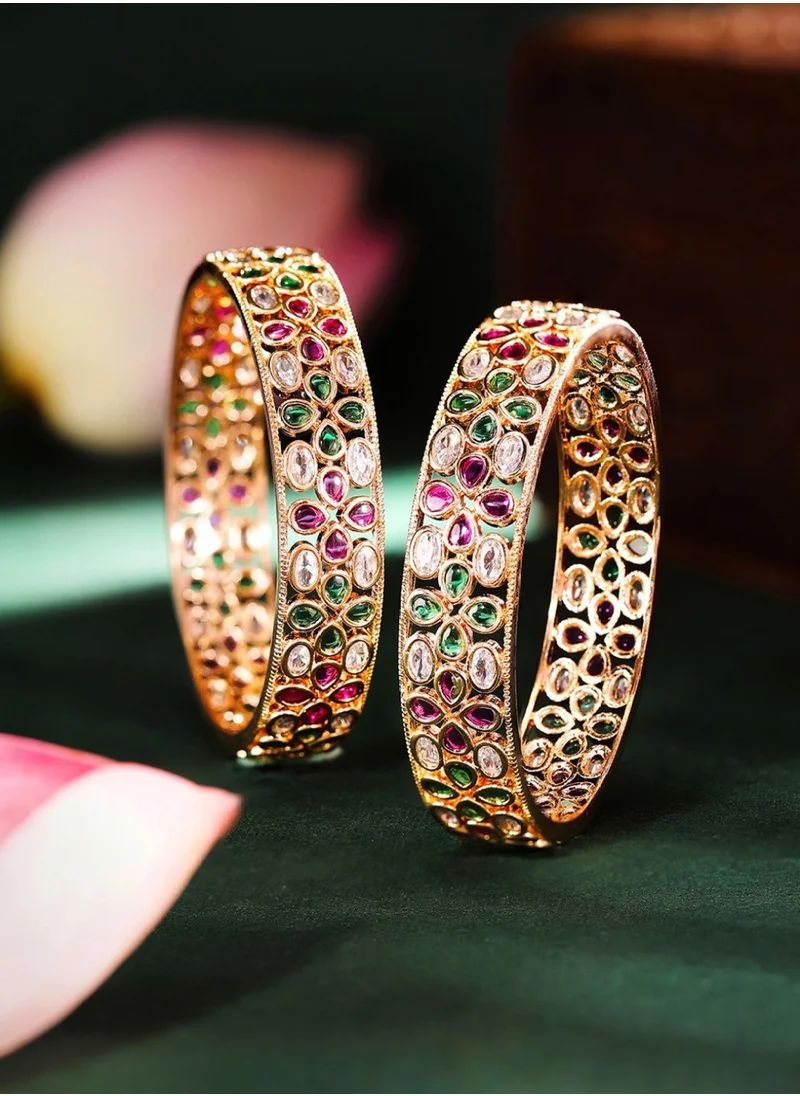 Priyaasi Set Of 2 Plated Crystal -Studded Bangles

...

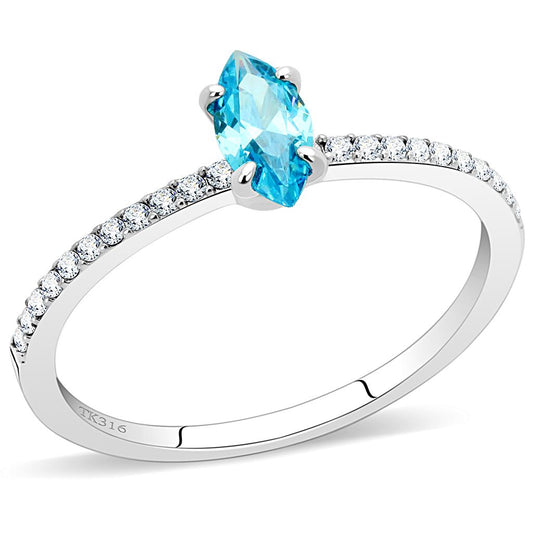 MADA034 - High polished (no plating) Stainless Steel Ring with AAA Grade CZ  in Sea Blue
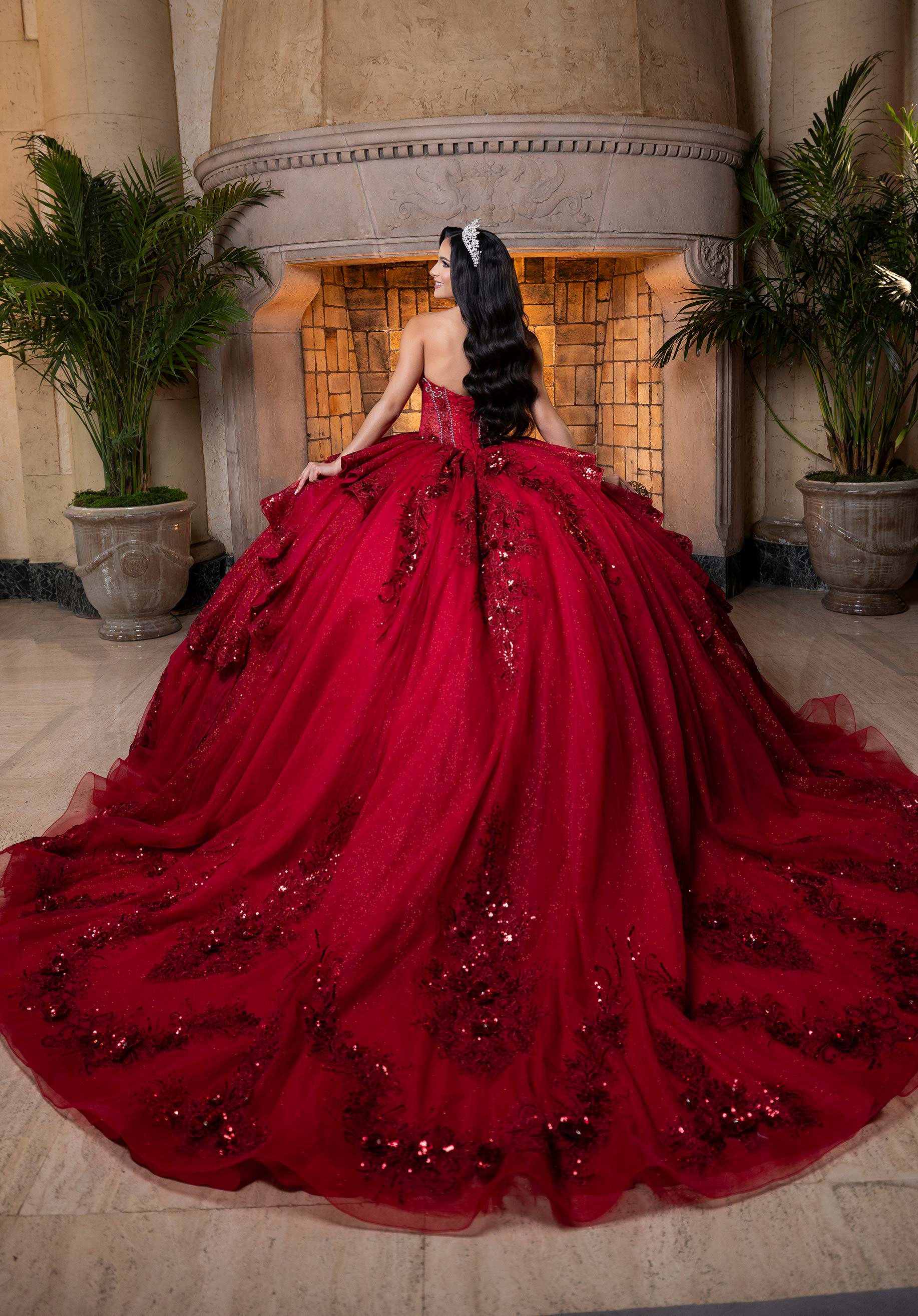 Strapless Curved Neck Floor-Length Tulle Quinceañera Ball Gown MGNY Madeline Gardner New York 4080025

# WORK INSTRUCTION
Among the records above, locate the line containing "MADA034 - High" and the line containing "Strapless Curved Neck", then transcribe exactly the lines starting at the first and ending at the second, with no pictures.

# OUTPUT OF THE EXERCISE
 MADA034 - High polished (no plating) Stainless Steel Ring with AAA Grade CZ  in Sea Blue
 Strapless Curved Neck Floor-Length Tulle Quinceañera Ball Gown MGNY Madeline Gardner New York 4080025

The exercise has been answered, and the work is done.